Exercise: A verbatim repeat of the lines below is required, with the pictures removed.

>>>>

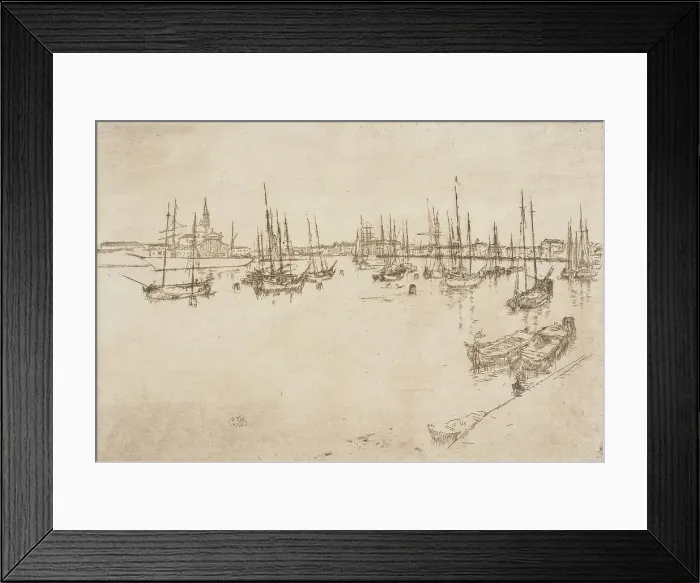 Framed Print : San Giorgio, 1880. Creator: James Abbott McNeill Whistler Framed Print : San Giorgio, 1880. Creator: James Abbott McNeill Whistler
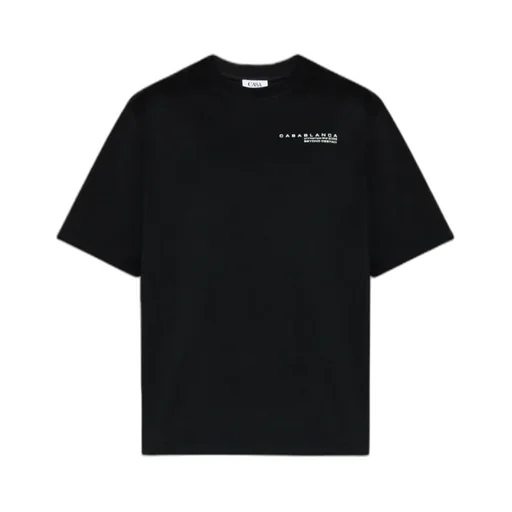 Casablanca Logo Printed Crewneck T-Shirt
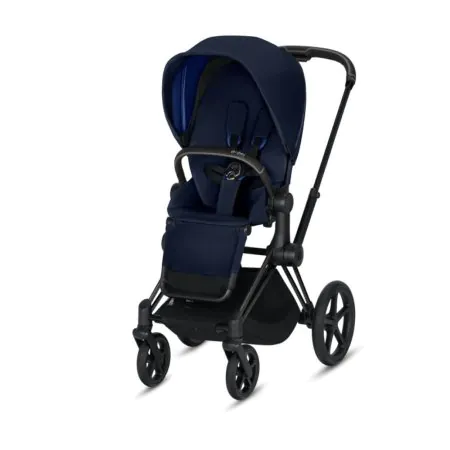 e-Priam Chrome Black Frame Stroller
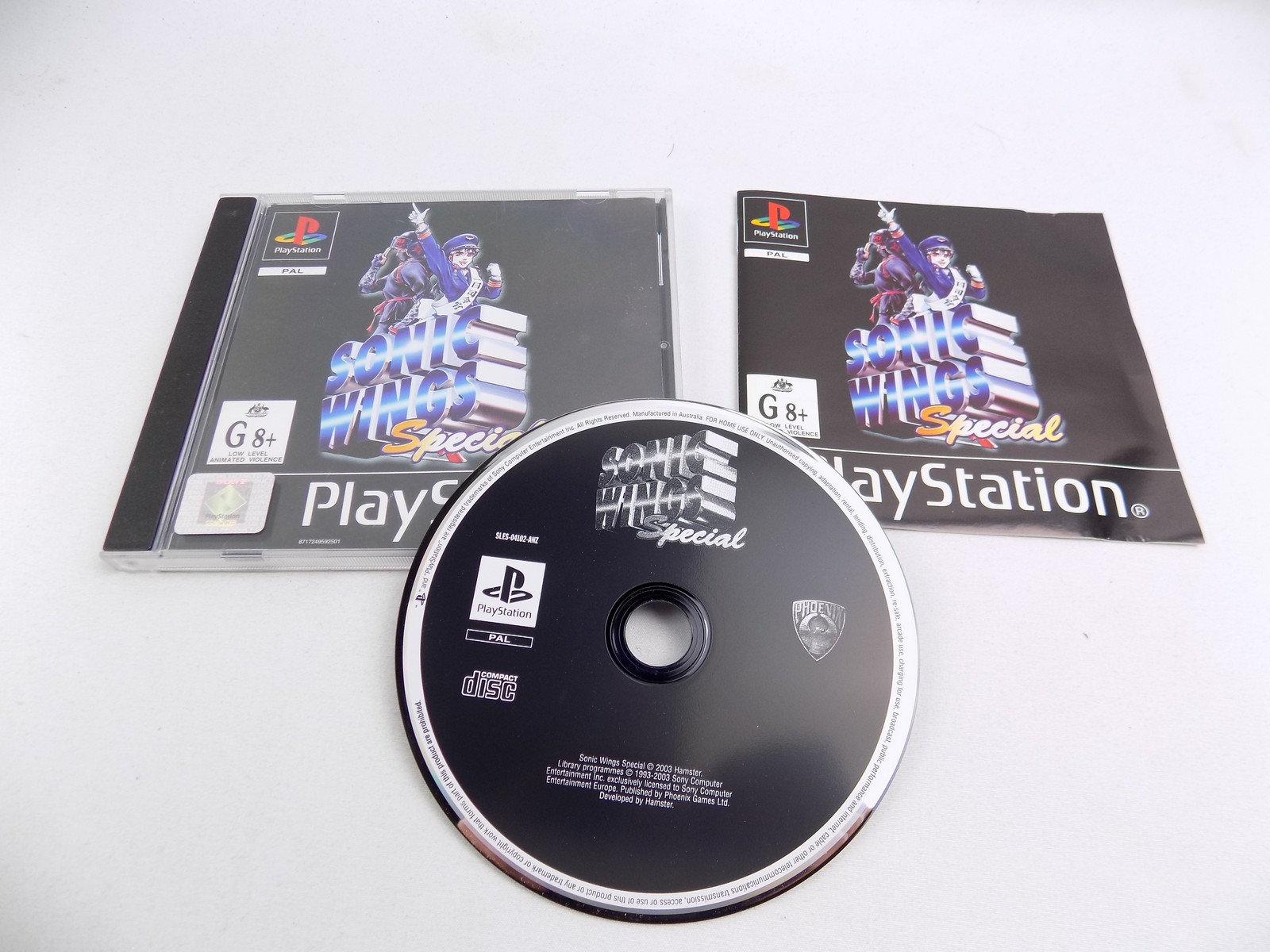 Mint Disc Playstation 1 Ps1 Sonic Wings Special – Inc Manual – Free ...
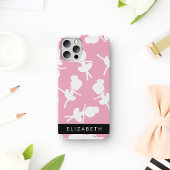 Ballerina Pattern, Ballet Meisjes, Dans, Jouw naam Case-Mate iPhone Case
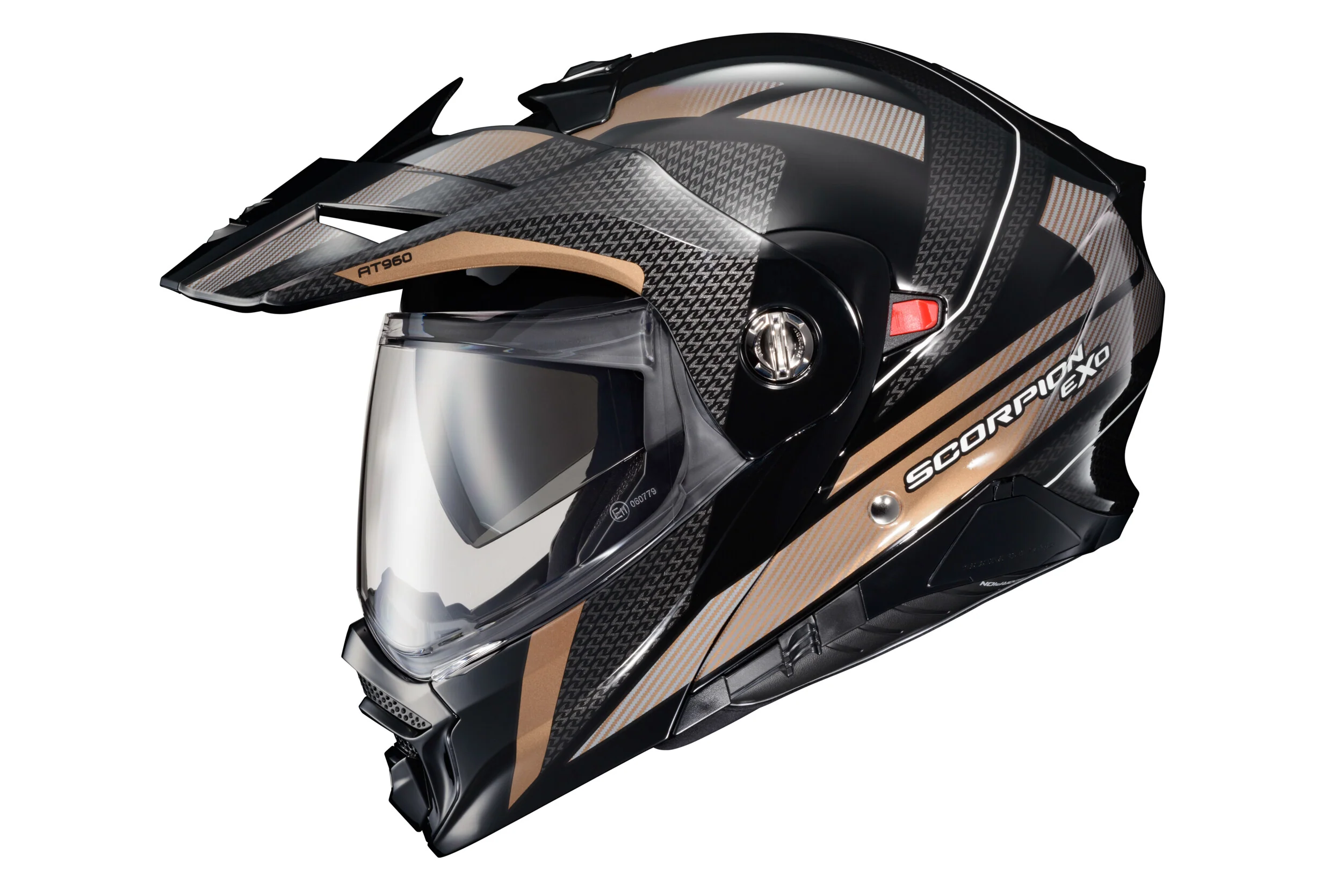 Exo-At960 Modular Helmet Hicks Black/Gold 2x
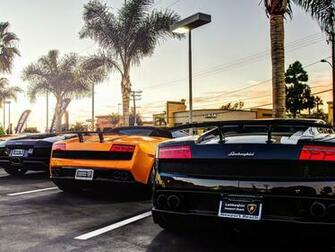 Lamborghini Newport Beach HD Desktop Mobile Wallpaper Background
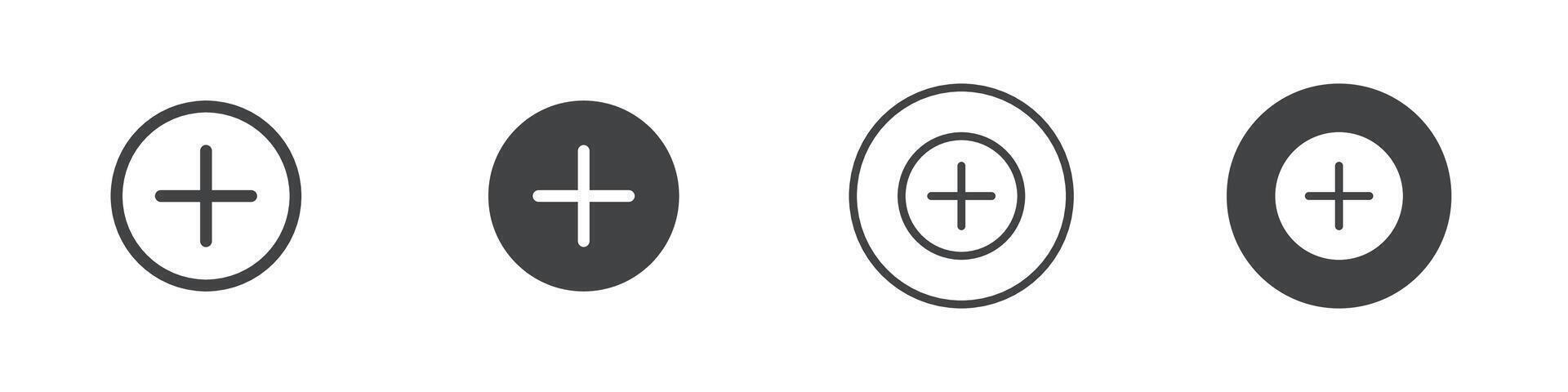 Add new icon logo outline vector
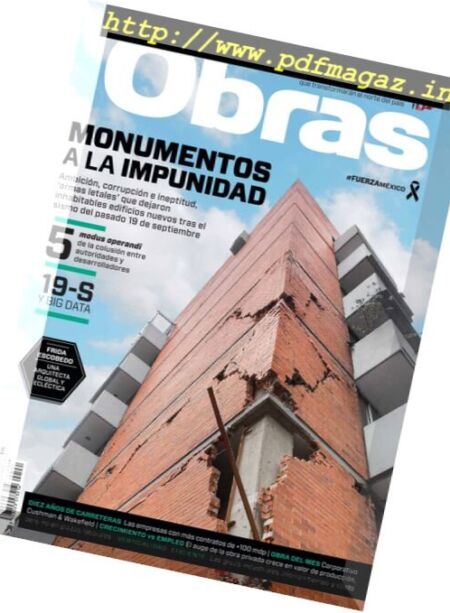 Obras – noviembre 2017 Cover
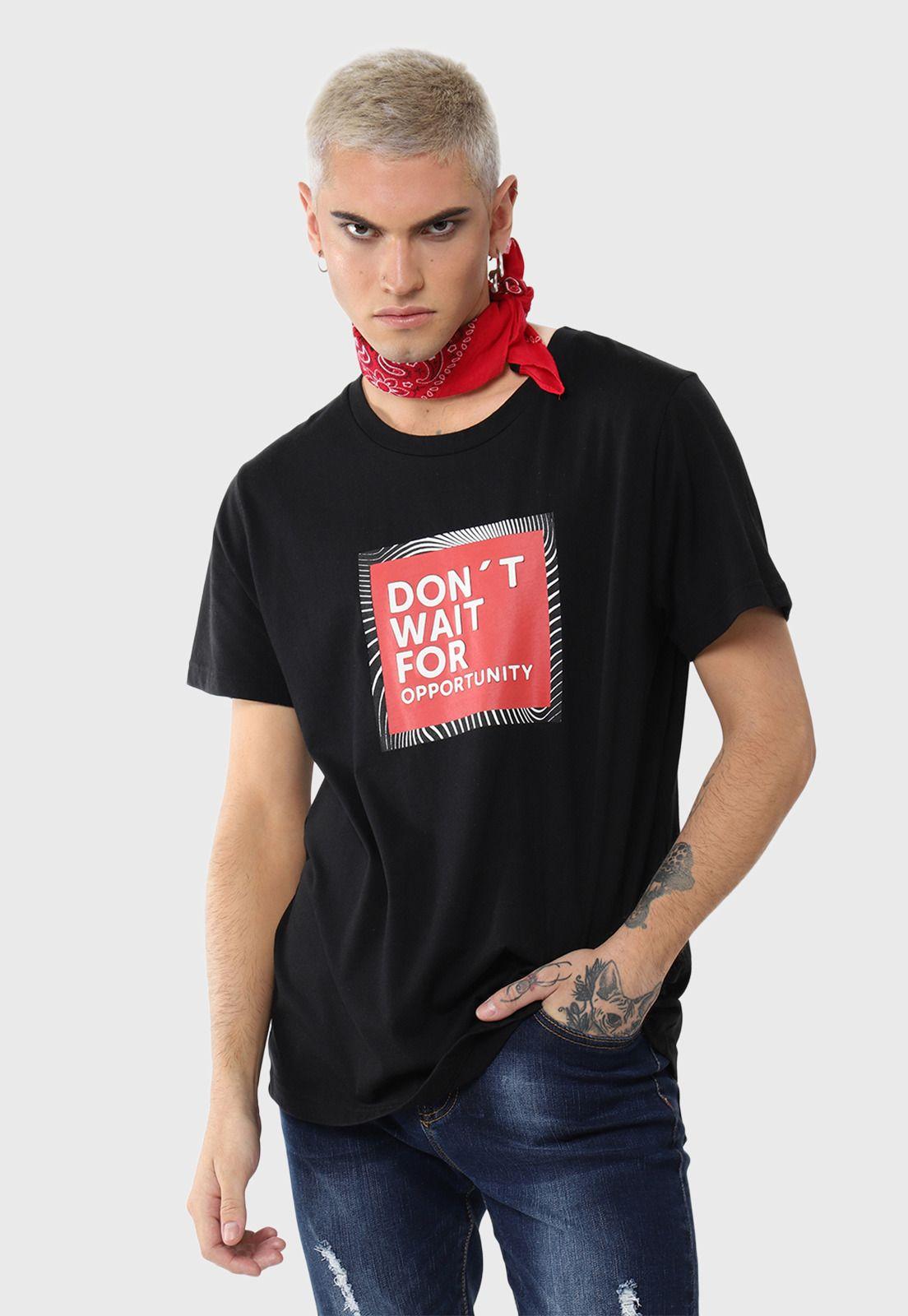 Polera Manga Corta Negro Soviet SVPO246NE-0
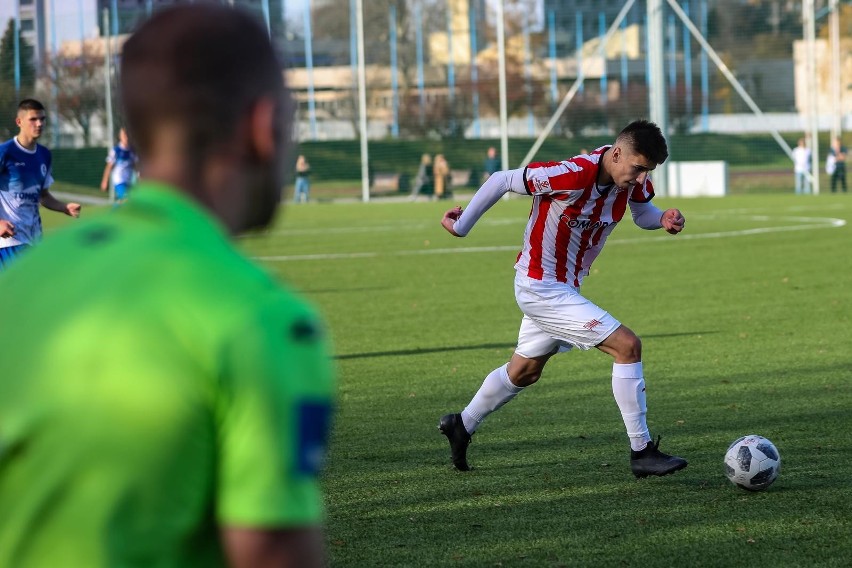 Cracovia. Zwycięstwo "Pasów" z UKS SMS Łódź w Centralnej Lidze Juniorów U-18 [ZDJĘCIA]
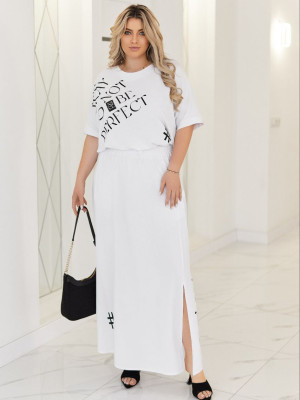 Летний костюм с юбкой VOJ-A1022T680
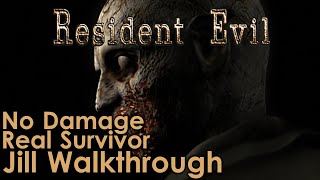 Resident Evil Remaster Jill Walkthrough [No Damage]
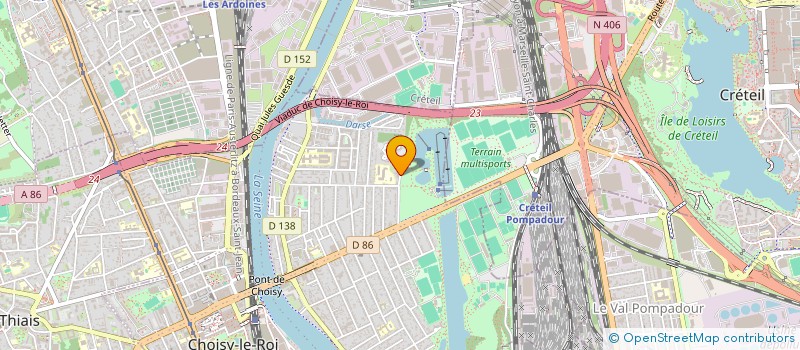 localisation de l'entreprise ALBERSAM à CHOISY-LE-ROI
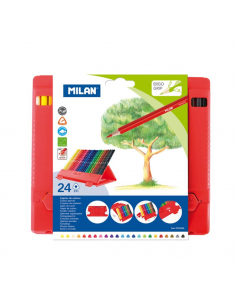 Flexibox 24 lápices de colores triangulares, MILAN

<<<<

Problem solution:
 Framed Print : San Giorgio, 1880. Creator: James Abbott McNeill Whistler Framed Print : San Giorgio, 1880. Creator: James Abbott McNeill Whistler
 Casablanca Logo Printed Crewneck T-Shirt
 e-Priam Chrome Black Frame Stroller
 Mint Disc Playstation 1 Ps1 Sonic Wings Special – Inc Manual – Free ...
 Ballerina Pattern, Ballet Meisjes, Dans, Jouw naam Case-Mate iPhone Case
 Exo-At960 Modular Helmet Hicks Black/Gold 2x
 Lamborghini Newport Beach HD Desktop Mobile Wallpaper Background
 Add new icon logo outline vector
 Obras – noviembre 2017 Cover
 Polera Manga Corta Negro Soviet SVPO246NE-0
 Cracovia. Zwycięstwo "Pasów" z UKS SMS Łódź w Centralnej Lidze Juniorów U-18 [ZDJĘCIA]
 Летний костюм с юбкой VOJ-A1022T680
 Resident Evil Remaster Jill Walkthrough [No Damage]
 localisation de l'entreprise ALBERSAM à CHOISY-LE-ROI
 Flexibox 24 lápices de colores triangulares, MILAN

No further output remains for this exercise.